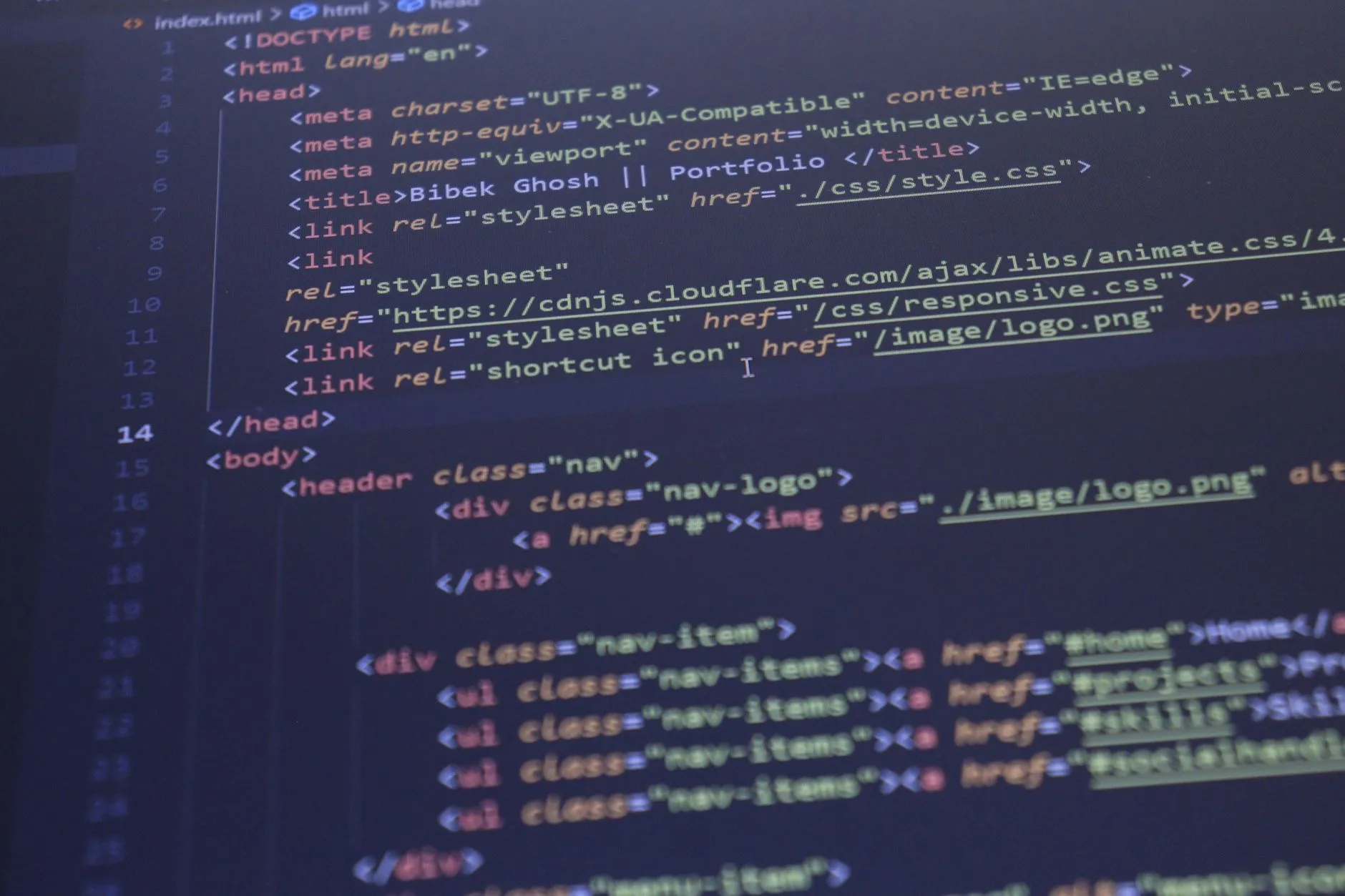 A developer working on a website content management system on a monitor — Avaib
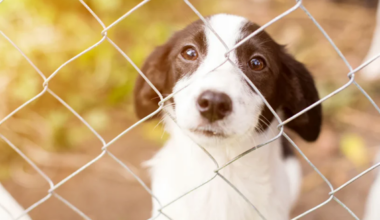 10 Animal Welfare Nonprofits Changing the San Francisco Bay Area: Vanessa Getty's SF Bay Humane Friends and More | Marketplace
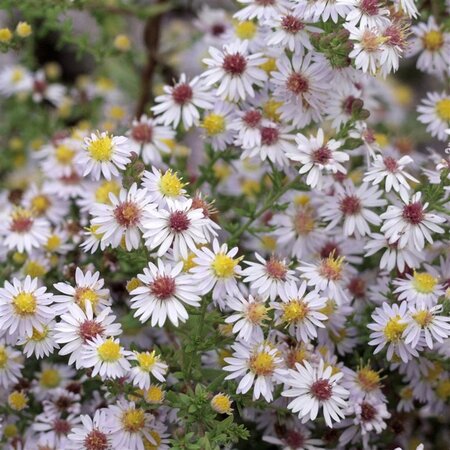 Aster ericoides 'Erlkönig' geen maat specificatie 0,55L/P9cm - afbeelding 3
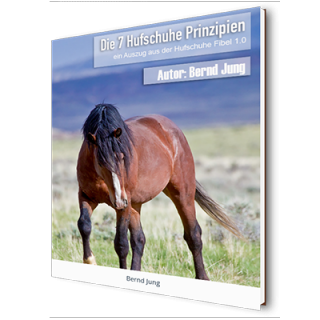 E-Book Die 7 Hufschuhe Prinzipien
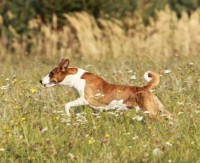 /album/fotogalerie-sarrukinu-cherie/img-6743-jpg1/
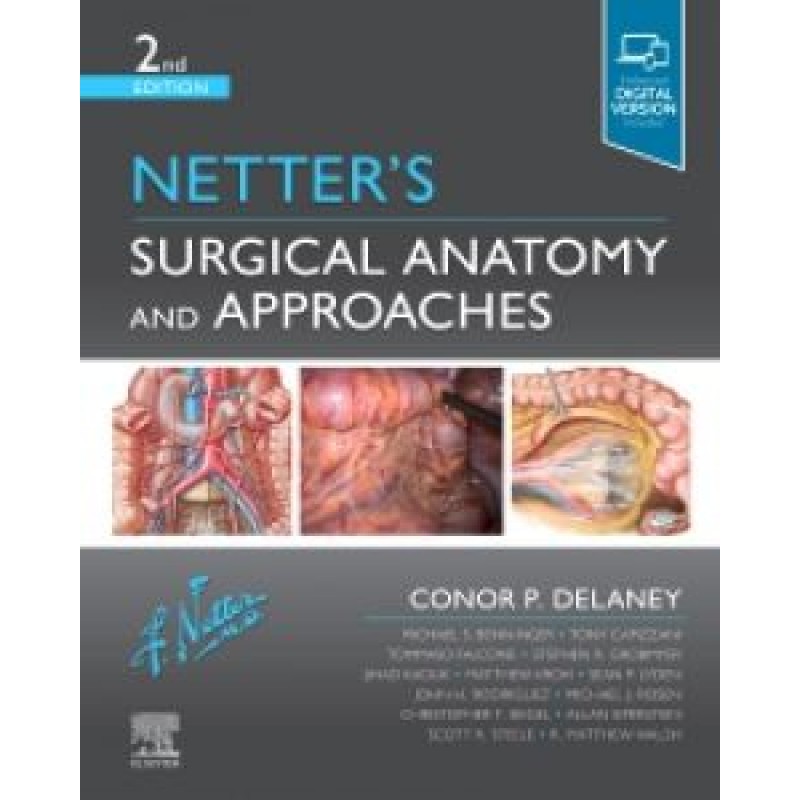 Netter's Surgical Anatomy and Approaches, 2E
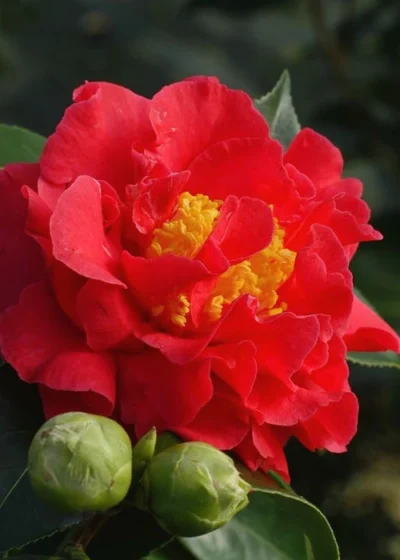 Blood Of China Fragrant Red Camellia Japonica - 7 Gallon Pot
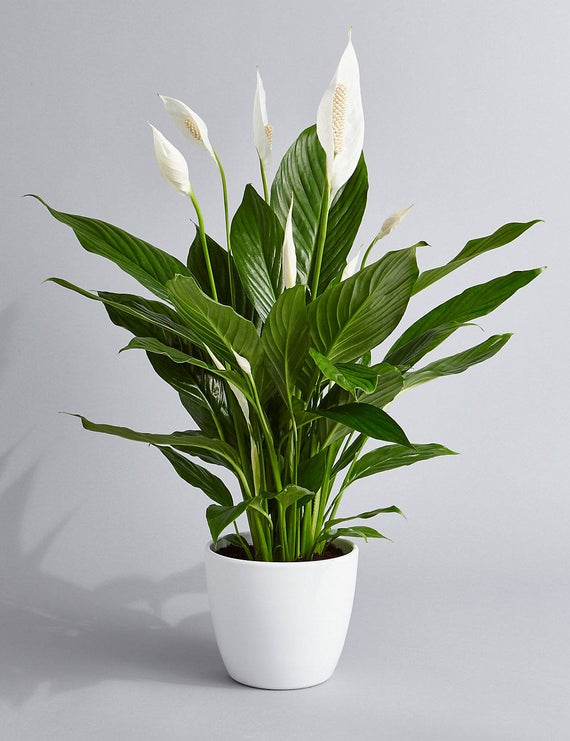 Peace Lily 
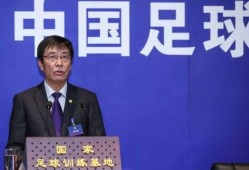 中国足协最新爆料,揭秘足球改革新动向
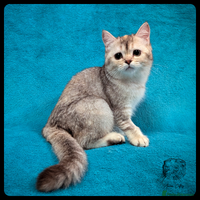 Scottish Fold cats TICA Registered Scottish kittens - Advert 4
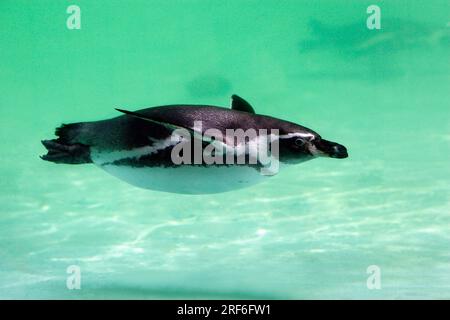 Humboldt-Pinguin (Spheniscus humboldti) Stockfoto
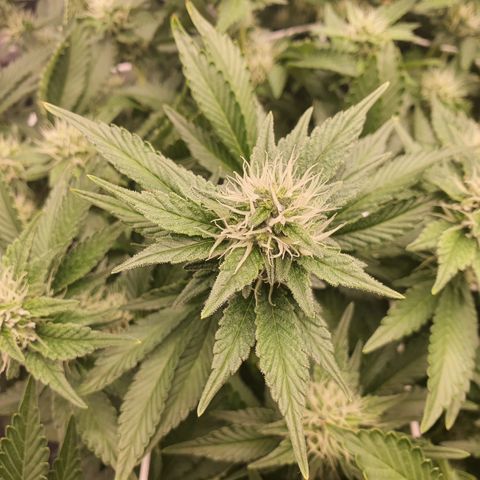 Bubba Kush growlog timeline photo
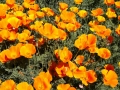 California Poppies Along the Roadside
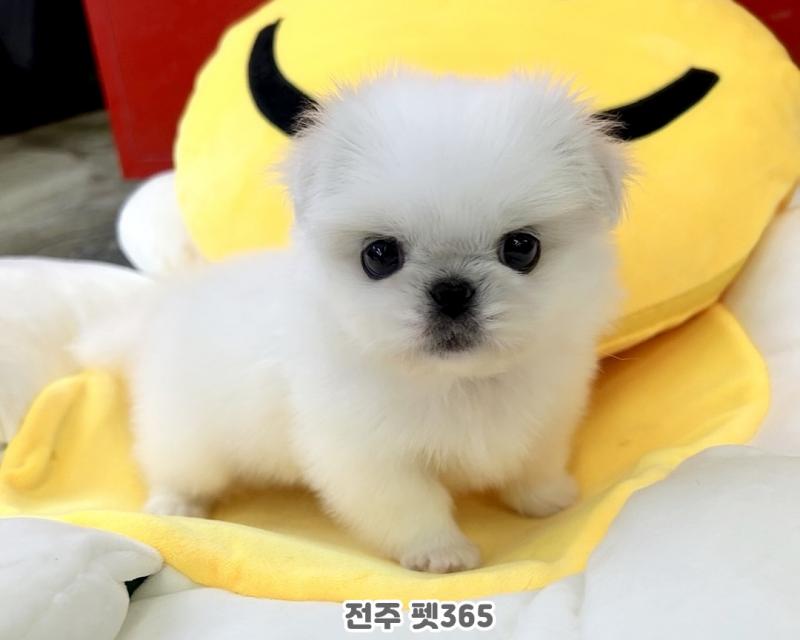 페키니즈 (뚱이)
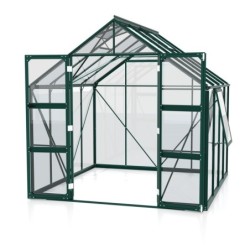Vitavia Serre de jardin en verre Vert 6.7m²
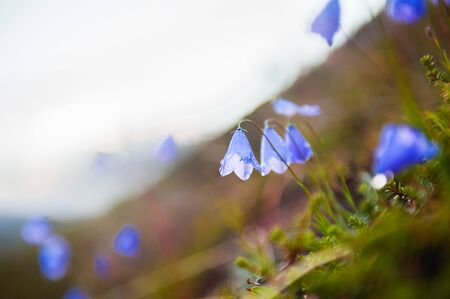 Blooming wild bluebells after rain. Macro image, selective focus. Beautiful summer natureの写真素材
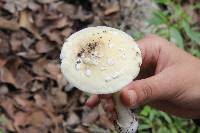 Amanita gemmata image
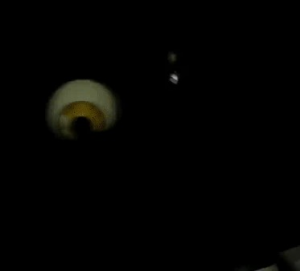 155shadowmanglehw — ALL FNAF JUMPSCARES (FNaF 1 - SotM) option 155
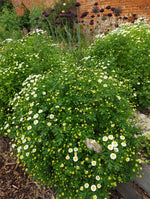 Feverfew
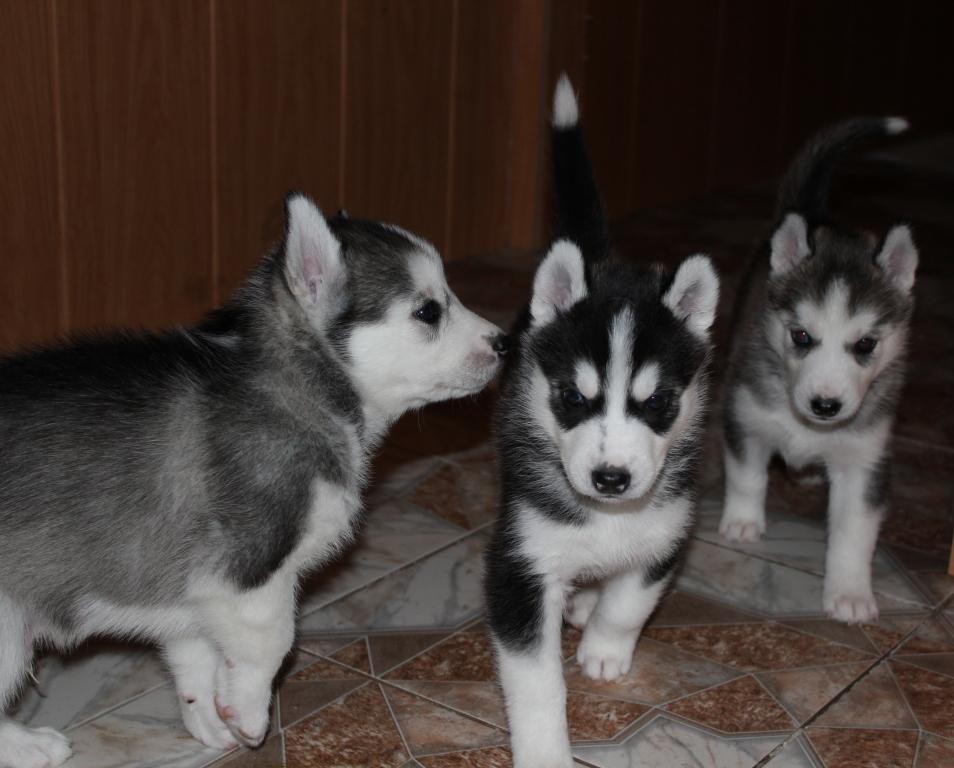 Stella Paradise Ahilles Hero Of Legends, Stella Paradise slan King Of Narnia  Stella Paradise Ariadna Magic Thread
□ □ □ □ □
EXERCISE GOAL:
Your answer must be the lines from the opening line of the entries through the line holding "Aster ericoides 'Erlkönig'", written out exactly and without any picture.

COMPLETED EXERCISE:
 A developer working on a website content management system on a monitor — Avaib
 10 Animal Welfare Nonprofits Changing the San Francisco Bay Area: Vanessa Getty's SF Bay Humane Friends and More | Marketplace
 Aster ericoides 'Erlkönig' geen maat specificatie 0,55L/P9cm - afbeelding 3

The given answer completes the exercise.